Why wasn't it for me? Nothing to do with RVs in general, really, and as a younger man living in southern Arizona with its strong RV culture, a major hub of the Snowbird migration, I was fascinated with them. Later I finally got one, but it was still the wrong stage of life to have an RV. Over a decade from retirement, we still had two kids still at home, but got an older Class C cheap and mostly used it for week-end trips (I was a soccer dad) to regional tournaments around SoCal. I also figured out that my wife was scared to drive it, which was just as well--she's dangerous behind the wheel. Anyway, given that our retirement plans focused on Mexico, with its expensive gas and cheap lodging, it got left behind.
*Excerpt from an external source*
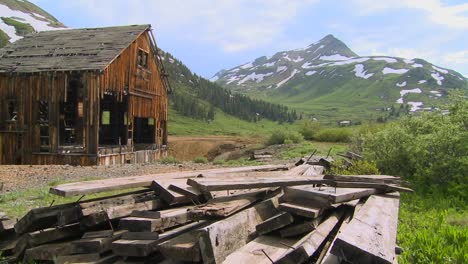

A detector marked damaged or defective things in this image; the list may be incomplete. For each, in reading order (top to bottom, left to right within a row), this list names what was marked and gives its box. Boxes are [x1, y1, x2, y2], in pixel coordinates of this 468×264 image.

broken window opening [59, 75, 83, 146]
broken window opening [98, 94, 127, 145]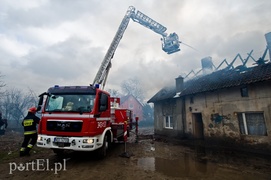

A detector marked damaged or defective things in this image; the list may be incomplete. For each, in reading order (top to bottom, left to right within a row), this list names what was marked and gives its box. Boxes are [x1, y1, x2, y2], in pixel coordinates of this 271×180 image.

Now I'm seeking spousal approval for a motorcycle and it's been....an issue of discussion. :yell:


----------



## GARYJ65 (Feb 9, 2013)

Other than gas or diesel cost, Mexico is, by far, quite different than Canada or the US regarding, in this case, RV's
We just do not have the taste for it, it is very very hard to find decent RV parks, to move an RV around is a horrible task. 
I would not even consider the aspect of flashing an expensive vehicle, more than moving it around without hitting other vehicles, getting stuck somewhere or making other drivers angry by the size of my rig, or trying to escape from the police Predators hoping to get some bribe money.
I own a pop up camper and a travel trailer, I have a slight idea of what I talk about

One other issue: parts and service are just not available in Mexico, just try buying a set of special trailer tires and you will see...


----------